- Work to complete: The full text of the records below, minus any pictures, should be given back word for word.

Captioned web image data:
● ● ● ● ●

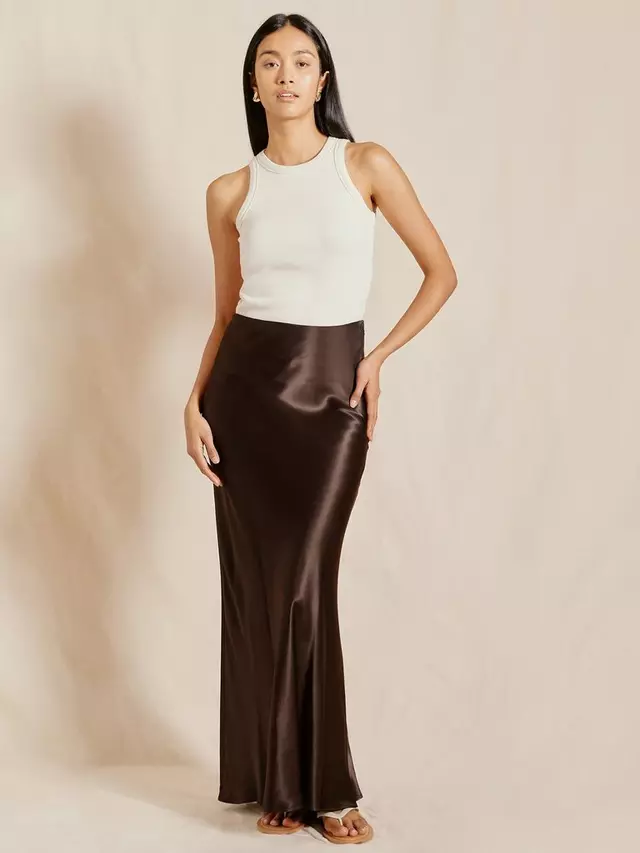 

Юбка Albaray Satin Midi, цвет chocolate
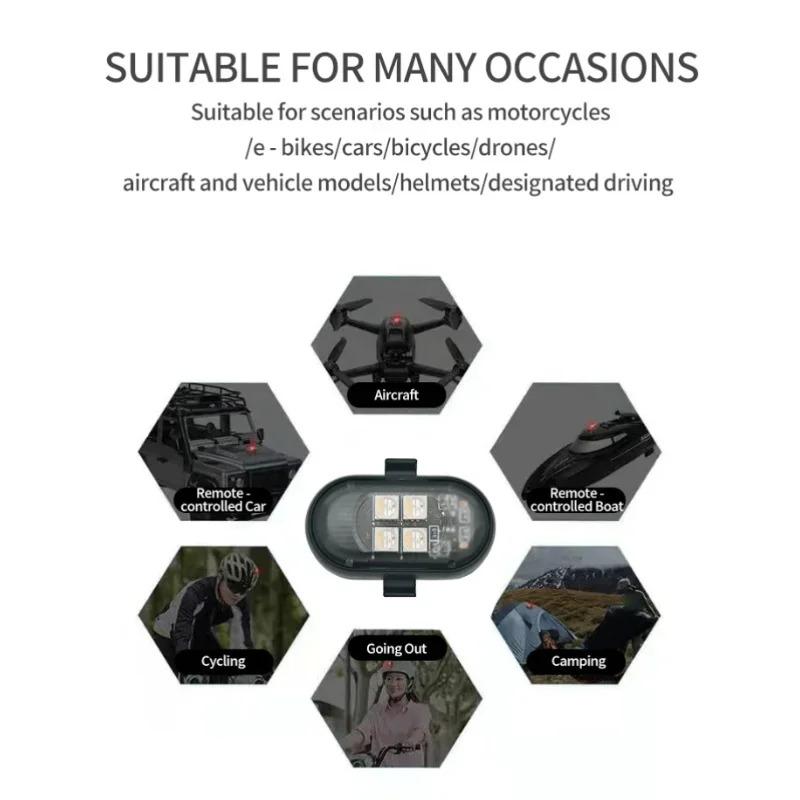 Wireless LED Strobe Lights Car Decor Atmosphere Light Warning Lights RGB Led Aircraft Strobe Lights Car Motorcycle LED Lights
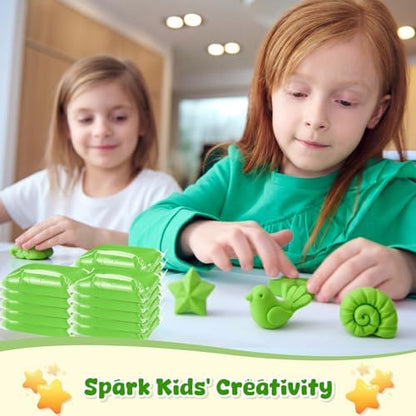 VioraWhite 40 Pcs 21 oz Air Dry Clay Bulk Modeling Clay,Green - Image 5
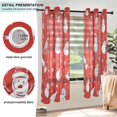 thumbnail image 3 of Yayeee Window Curtains Set of 2 for Living Room Light Filtering 63"x52", Red Snowman, 3 of 7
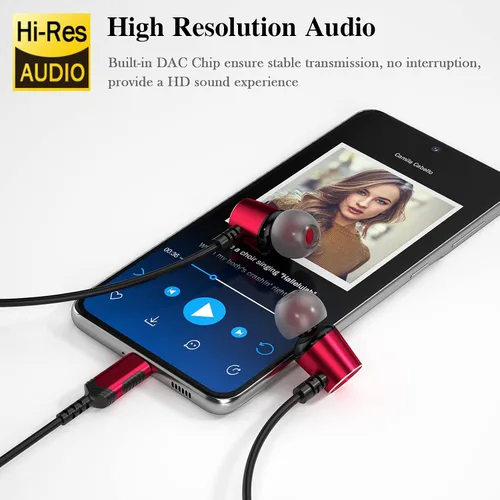 Vista 2 de APETOO Auriculares USB C para iPhone 15, 16 Pro Max, Samsung S21, S22, S23, S24, Ultra Flip Fold A55, A54, A9, cancelación de ruido, auriculares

● ● ● ● ●

- Answer area:
Юбка Albaray Satin Midi, цвет chocolate
 Wireless LED Strobe Lights Car Decor Atmosphere Light Warning Lights RGB Led Aircraft Strobe Lights Car Motorcycle LED Lights
 VioraWhite 40 Pcs 21 oz Air Dry Clay Bulk Modeling Clay,Green - Image 5
 thumbnail image 3 of Yayeee Window Curtains Set of 2 for Living Room Light Filtering 63"x52", Red Snowman, 3 of 7
 Vista 2 de APETOO Auriculares USB C para iPhone 15, 16 Pro Max, Samsung S21, S22, S23, S24, Ultra Flip Fold A55, A54, A9, cancelación de ruido, auriculares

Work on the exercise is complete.